Aside from IEDB and own epitope validation data, we analyzed ex vivo scRNA-seq data of convalescent individuals CD8⁺ T-cells activated by single peptides (Francis et al., 2022). The considered dataset included the set of phenotyped T-cell clones responding to a comprehensive set of SARS-CoV-2 derived epitopes associated with four major HLA class I alleles (HLA-A*01:01, HLA-A*02:01, HLA-A*24:02, and HLA-B*07:02). First, we examined the distribution of SARS-CoV-2 derived epitopes which elicited T-cell response according to the genomic region from which they originated. Concordantly with the results mentioned above, the majority of HLA-A*01:01 epitopes were from ORF1ab. The same tendency was not observed for the other alleles (Fig. 4A).

Next, we analyzed the phenotypes of responding T-cell clones (Fig. 4B). HLA-A*01:01-associated epitopes elicited responses mainly from the T central memory cells (Tcm) subpopulation. At the same time, the proportion of Tcm responding cells for other alleles was significantly smaller (Fisher Exact Test pairwise comparisons of HLA-A*01:01 with HLA-A*02:01, HLA-B*07:02, and HLA-A*24:02 results in p-values < 0.02). Together with the observation that most of the known HLA-A*01:01-associated epitopes originated from the conservative ORF1ab region, these results imply that people bearing HLA-A*01:01 may have a higher chance of eliciting robust immune response upon secondary exposure to SARS-CoV-2 due to the pre-existing immune memory.
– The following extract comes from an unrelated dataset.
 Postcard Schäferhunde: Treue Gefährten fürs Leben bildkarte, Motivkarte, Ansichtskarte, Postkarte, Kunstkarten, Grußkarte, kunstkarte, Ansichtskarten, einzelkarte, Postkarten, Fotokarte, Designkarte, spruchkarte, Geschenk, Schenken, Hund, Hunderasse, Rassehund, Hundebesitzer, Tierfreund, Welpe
Analysis of the mutations in the VOC on CD8⁺ epitopes

Then, we analyzed the changes in the affinity of the interactions of immunoprevalent epitopes with HLA-A*01:01 and HLA-A*02:01 induced by mutations in VOCs, including the Delta variant. Strikingly, none of the HLA-A*01:01 immunoprevalent epitopes were affected by mutations in the current VOCs: Delta G/478K.V1 and Omicron (BA.1 –BA.4). At the same time, seven HLA-A*02:01 immunoprevalent epitopes were affected by the mutations. Six were located in the Spike protein and one in the NS3 protein. All except one mutation led to the decrease in the affinity of the interaction with HLA-A*02:01. Specifically, in Omicron BA.1 the S_495−503 YGFQPTNGV peptide had three substitutions (G496S, Q498R, N501Y), which resulted in an increase in the affinity of its interaction with HLA-A*02:01 (from 2160 nM to 87 nM). In VOC Omicron BA.1 and BA.3, A67V and HV 69-70 deletion mutations resulted in the disappearance of the immunoprevalent epitope S₆₂₋₇₀ VTWFHAIHV.

In addition, the effect of mutations in the VOCs on the binding affinity of all possible viral peptides with the 12 abovementioned HLA-I alleles was analyzed (Table 2). HLA-A*01:01 had 51 high-affinity peptides from ORF1ab and 13 high-affinity peptides from other proteins (structural and accessory) for the Wuhan-Hu-1 strain. A distinctive feature of this allele was that it had a relatively high number of high-affinity peptides, although VOC mutations do not affect them (Fig. 5). Of the 64 high-affinity HLA-A*01:01 peptides, only one peptide significantly changed the affinity in 16 VOCs analyzed. At the same time, similar to the number of tight binders HLA-A*24:02 molecule had 27 altered peptides from ORF1ab (Fisher’s exact test p-value = 3e−09, OR = 0.02). It should be noted that the high-affinity peptides from ORF1ab for all analyzed alleles were less affected by the mutations compared to the rest of the peptides (Mann–Whitney U test p-value = 4.3e−05).